Well, when he wasn’t messing around with baseball statistics, he spent his time in class trying to make his classmates laugh by writing funny notes and passing them around. Again, this is not unusual behavior – plenty of kids pass notes. But specifically, he liked to make people laugh. By passing notes to his friends, he learned what worked and what didn’t, what got a laugh and what was ignored. But most of all, he learned that getting caught was a problem – just like with the baseball statistics he would mess around with in class, his teachers would yell at him for passing these notes.
In the book he wrote as an adult, he wrote that, reflecting on all those years in school, the two most valuable things he ever did were 1.) mess around with baseball statistics, and 2.) write funny notes to his classmates. As it turned out, paying attention to what the teachers thought was the “important” stuff was actually distracting him from his life’s work – which is to entertain through his writing and to educate about baseball, its statistics, and its history. He’s a very funny writer even now, so I imagine that was true when he was younger, too.

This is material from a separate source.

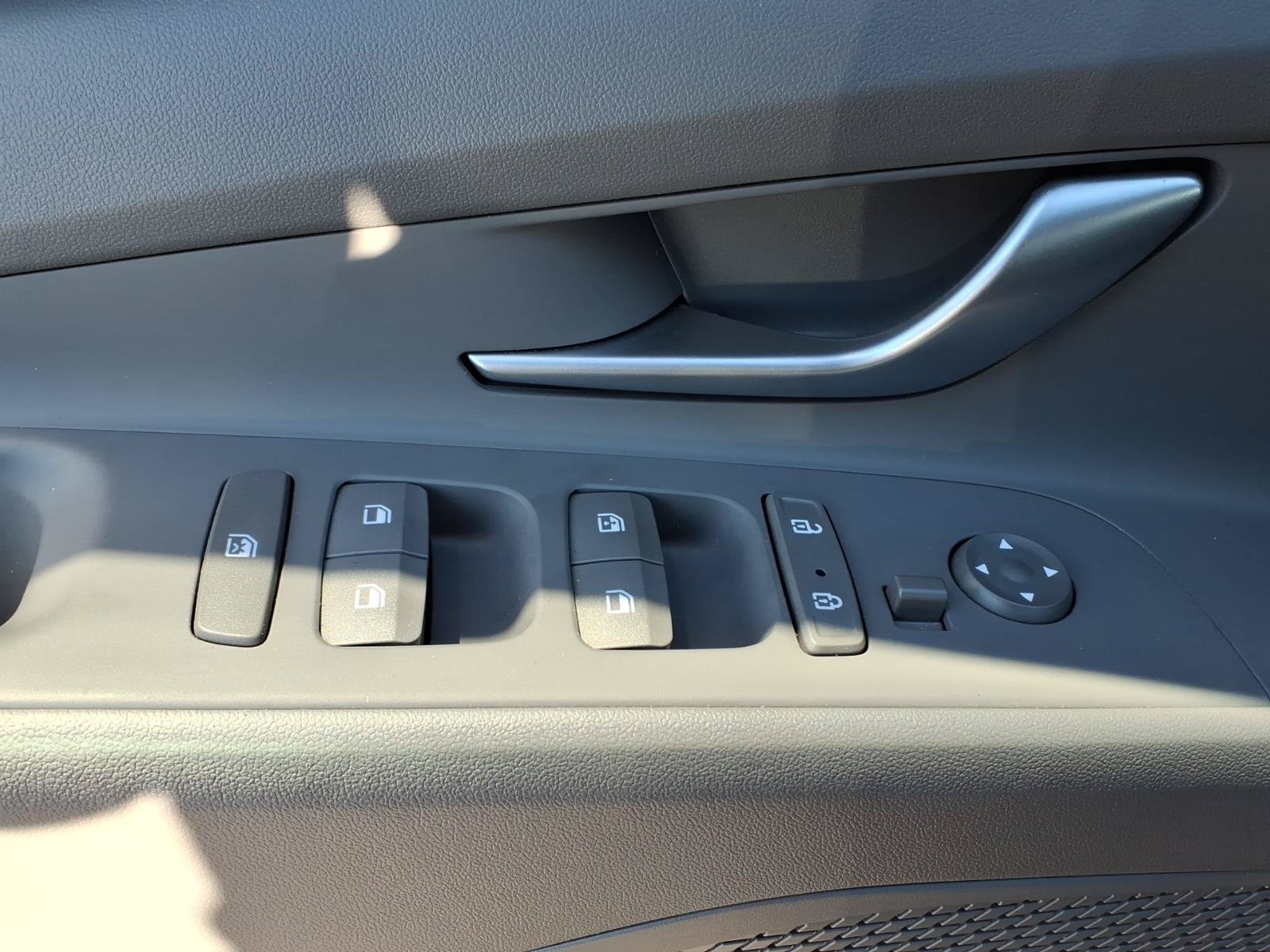 Certified 2023 Hyundai Elantra SEL FWD image 23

Now, of course, he recognizes that, “Just let the kids do whatever they want,” is not really a viable classroom management technique; his point was really that, what appeared to be valuable was actually not actually as valuable as the thing that appeared to be value-less. What other people assumed was important was not necessarily the most important thing. I thought of this little story today because of our reading from 1 Corinthians.
“For the message about the cross is foolishness to those who are perishing, but to us who are being saved, it is the power of God,” writes Paul. Paul tells us that “the world” views the cross as foolishness. Let’s unpack that for a moment.
What is a cross? Sure, we can start by talking about its physical description: it’s a tall plank of wood with a cross-bar, meant for execution. We can talk about its meaning to us as Christians, and we’ll get there, but for right now, I’d like to put that aside. Instead, I’d rather that you imagined yourself in ancient Israel, two thousand years ago, before Jesus was executed. Imagine that you’re just an ordinary person, minding your own business – perhaps going to market to make a purchase to help feed or clothe yourself or your family. Suddenly, on the horizon, you spot a group of Roman soldiers bringing a few crosses into town. They find a spot visible to everyone, probably on top o a hill, and start pounding the crosses into the ground. So, what would you, as an ordinary person, see, think, and feel?
Of course, as I said earlier, you’d see the planks of wood, familiarly in the cross shape. But you’d know that it had more meaning than that. The meaning would be death. It would be that the Roman Empire is all-powerful, because they will come and kill you if you represent a threat to them. Not only will they kill you, they will do it painfully, publicly, and in a way that will scare other people into not doing whatever it was you did. The cross was a symbol of death, pain, and the power of the Romans. It was meant to instill fear. And you would’ve felt it. I mean, what American doesn’t at some point, complain about the government? If you did that in ancient Israel, which was part of the Roman Empire, you’d have to worry that your passing comment about the Emperor was overheard by someone who told someone, and now they were coming for you.
Okay, now that we’ve thought that through a bit, I’d ask you to imagine being a Christian in the years immediately after Jesus was crucified, when Paul wrote the letter to the Corinthians from which we read today. Christians didn’t necessarily use the cross commonly as a symbol as we do today (they used a fish more often), but they did talk about the cross, meditate on it, and talk about what Christ accomplished through it.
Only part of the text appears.